Overview of the memory squeezer
This was converted to markdown from squeezer.tex. It is not clear how much of this document is still relevant and/or already present in the other docs.
summary
ballooning is a per-domain operation; not a per-VM operation. A VM may be represented by multiple domains (currently localhost migrate, in the future stubdomains)
most free host memory is divided up between running domains proportionally, so they all end up with the same value of ratio
where ratio(domain) =
if domain.dynamic_max - domain.dynamic_min = 0
then 0
else (domain.target - domain.dynamic_min)

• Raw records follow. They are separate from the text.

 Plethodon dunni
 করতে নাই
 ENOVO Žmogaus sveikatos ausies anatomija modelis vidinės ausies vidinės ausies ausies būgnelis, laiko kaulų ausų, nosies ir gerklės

/ (domain.dynamic_max - domain.dynamic_min)
Assumptions
all memory values are stored and processed in units of KiB
the squeezing algorithm doesn’t know about host or VM overheads but this doesn’t matter because
the squeezer assumes that any free host memory can be allocated to running domains and this will be directly reflected in their memory_actual i.e. if x KiB is free on the host we can tell a guest to use x KiB and see the host memory goes to 0 and the guest’s memory_actual increase by x KiB. We assume that no-extra ’overhead’ is required in this operation (all overheads are functions of static_max only)
Definitions
domain: an object representing a xen domain
domain.domid: unique identifier of the domain on the host
domaininfo(domain): a function which returns live per-domain information from xen (in real-life a hypercall)

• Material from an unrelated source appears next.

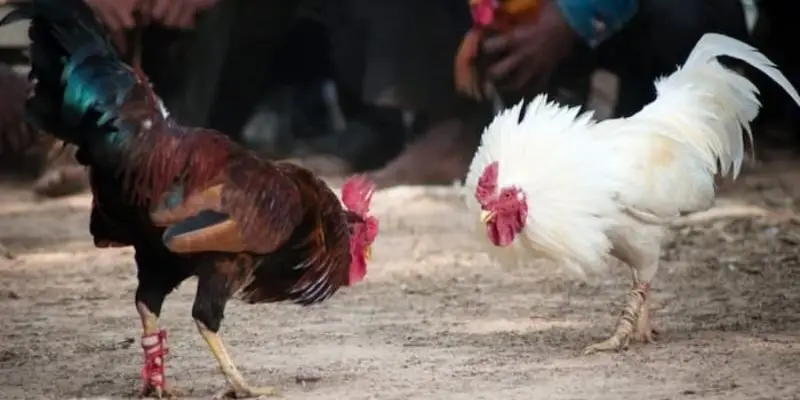 choi ke philippins cang thang Chọi kê cựa dao Philippines căng thẳng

a domain is said to “have never run” if never_been_run(domain)
where never_been_run(domain) = domaininfo(domain).paused and not domaininfo(domain).shutdown and domaininfo(domain).cpu_time = 0
xenstore-read(path): a function which returns the value associated with ’path’ in xenstore
domain.initial_reservation: used to associate freshly freed memory with a new domain which is being built or restored
domain.initial_reservation = xenstore-read(/local/domain/<domain.domid>/memory/initial-reservation)
domain.target: represents what we think the balloon target currently is
domain.target = if never_been_run(domain) then xenstore-read(/local/domain/<domain.domid>/memory/target) else domain.initial_reservation
domain.dynamic_min: represents what we think the dynamic_min currently is
domain.dynamic_min = if never_been_run(domain) then xenstore-read(/local/domain/<domain.domid>/memory/dynamic_min) else domain.initial_reservation
domain.dynamic_max: represents what we think the dynamic_max currently is
domain.dynamic_max = if never_been_run(domain) then xenstore-read(/local/domain/<domain.domid>/memory/dynamic_max) else domain.initial_reservation
domain.memory_actual: represents the memory we think the guest is using (doesn’t take overheads like shadow into account)

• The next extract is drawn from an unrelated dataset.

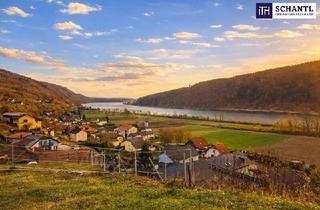 Grundstück zu kaufen in Rottenbergerstraße, 3681 Hofamt Priel, Schnell sein bei dem Preis! Seltenes Baugrundstück mit genialem Donau-Blick in ruhiger Lage: 2.168 m² für großzügiges Eigenheim, Mehrgenerationenwohnen oder Wohnen & Arbeiten auf einem Grundstück!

domain.memory_actual = if never_been_run(domain) max domaininfo(domain).total_memory_pages domain.initial_reservation else domaininfo(domain).total_memory_pages
domain.memory_actual_last_update_time: time when we saw the last change in memory_actual
domain.unaccounted_for: a fresh domain has memory reserved for it but xen doesn’t know about it. We subtract this from the host memory xen thinks is free.
domain.unaccounted_for = if never_been_run(domain) then max 0 (domain.initial_reservation - domaininfo(domain).total_memory_pages)
domain.max_mem: an upper-limit on the amount of memory a domain can allocate. Initially static_max.
domain.max_mem = domaininfo(domain).max_mem
assume_balloon_driver_stuck_after: a constant number of seconds after which we conclude that the balloon driver has stopped working
assume_balloon_driver_stuck_after = 2
domain.active: a boolean value which is true when we think the balloon driver is functioning
domain.active = has_hit_target(domain) or (now - domain.memory_actual_last_update_time) > assume_balloon_driver_stuck_after
a domain is said to “have hit its target” if has_hit_target(domain)
where has_hit_target(domain) = floor(memory_actual / 4) = floor(target / 4)
NB this definition might have to be loosened if it turns out that some drivers are less accurate than this.
a domain is said to “be capable of ballooning” if can_balloon(domain) where can_balloon(domain) = not domaininfo(domain).paused
host: an object representing a XenServer host
host.domains: a list of domains present on the host
physinfo(host): a function which returns live per-host information from xen (in real-life a hypercall)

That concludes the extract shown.